The closest thing that might actually write the entire drive might be a secure erase, which fills the drive several times over with pseudo-random bits; such a program could in theory verify the random data written in the last pass, assuming it has the random number seed and so can re-create the data for verification.
It should be remembered that Chinese gigabytes are about fifteen times smaller than in the rest of the world. That's because they count a bit as a byte. That gives their devices 1/8 capacity. Then they organize their bytes as nibbles (4 bits), which halves the capacity. This makes storage devices much less expensive to manufacture, which is very good.
Do you have a source for this? First time I'm hearing there's a literal third convention for data capacity labeling, sounds like a distortion of the bits/bytes discrepancy which typically results in stuff like a 1TB drive showing up as 982GB.
@Ajarylee-qh9ln Ah. Nevertheless.
Amazon also doesn't give you a way I have been able to find to complain about shipment issues.
They've removed my reviews that contain shipping complaints.
They also removed a review that mentioned that a competitor failed to provide something and that's why I came to Amazon for the product.
Amazon has a habit of deleting negative reviews. I left a somewhat negative review of some headphones saying how the new variant is worse than the old and it's therefore not worthy of the name, and Amazon removed saying that they double checked and the headphones are actually named like that so they're genuine.
Yep, shopping on Amazon can sometimes be a frustrating experience and if you have a complaint, talking to a brick wall would be more effective and less stressful.

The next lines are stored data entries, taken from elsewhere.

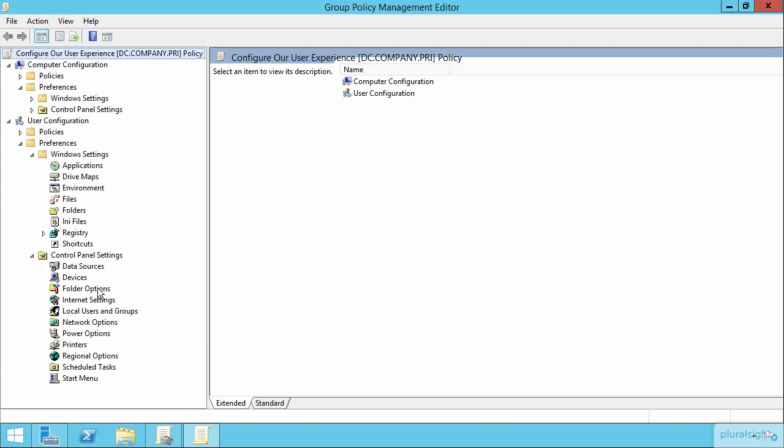We have folder options, which are the actual parameters, the characteristics that you would define on folders themselves. Internet Explorer settings, local users and groups, and so on.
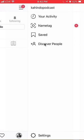Once this side menu comes up, look over here on the bottom and click on Settings.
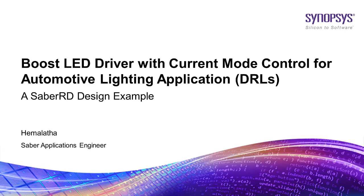Hello everyone. I am Hemalata, Saber Applications Engineer at Synopsys. Welcome to the short video on design and validation of LED driver suitable for automotive application such as daytime running lamps using SaberRD.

When I buy a new MICROSD card, the first thing I do is to fill it up with video files and make sure they all play back. So far I've been lucky...

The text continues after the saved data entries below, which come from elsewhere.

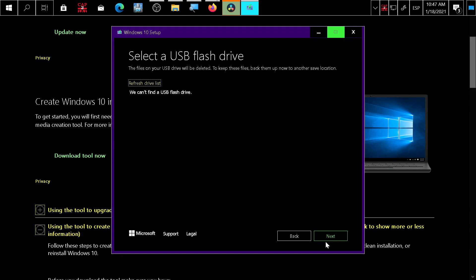It will ask if you're sure you want to delete all information on the USB. Press yes, finish, and it will prepare your USB in about 30 minutes and you're ready to go.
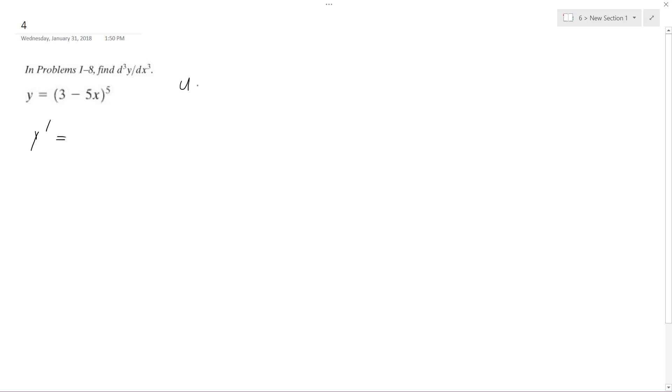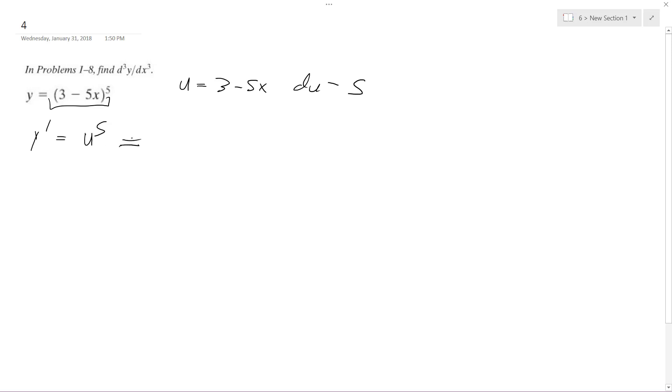you can treat this as u, and then u is equal to 3 minus 5x, and then du is equal to negative 5. That's the derivative of what's on the inside here. So the derivative is the chain rule, so it's equal to u to the 5th, and what we get is 5u to the 4th times du, which is negative 5. So for y prime, we get negative 25, and then 3 minus 5x raised to the 4th.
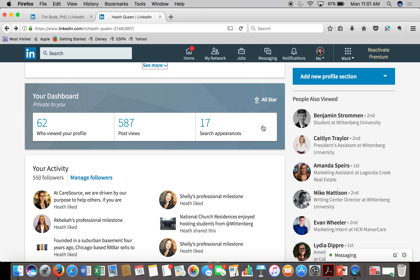The next section is your dashboard. This is something that's only visible to you — it gives you stats about how many people viewed your profile, your posts, and how often you've appeared in search results. LinkedIn will automatically rate your profile and tell you things you need to improve upon to reach all-star status. Listen to those suggestions because LinkedIn is really the deciding factor of whether you show up in recruitment searches or connection searches, so make sure you're following their suggestions.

I've also had negative reviews deleted on Amazon, and the fact that fake products are still a thin at Amazon tells me they don't care, so long as they get their significant cut they do not care one bit!
When I do a bad review on Amazon I always give a good star rating and then a title my review with the products problem. This normally keeps the review up there.

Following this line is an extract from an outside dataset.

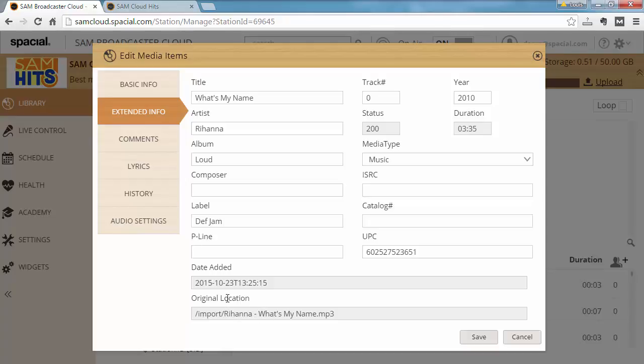Note that if you're uploading using the web interface the track always starts with dash import dash file name. If you want the real original location you would need to use the library import utility because it has an option to preserve the original file path.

I had exactly the same experience when ordering some hard drives on amazon: when I received the drives, instead of being new, they were in fact recycled items, most likely from a data center. I returned the drives, gave as a reason the non conformity of the product and wrote a 1 star review mentioning the scam. The review was taken down within 48 hours…
Thank you for verifying that Davis Bon, is indeed, still dead.
We can now be rest assured.
Excellent graphics! Very nice video.
I bought a house a couple years ago and we were fixing it up. Buying things online and getting a delivery a day. I was putting reviews on Amazon for almost every purchase. Good or bad. It turned out that if you post too many bad reviews Amazon will pull all of your reviews. These were legitimate reviews but I agree with the creator that they don't want to take a hit on sales. They really don't like negative reviews.
Since then I no longer do any reviews on Amazon.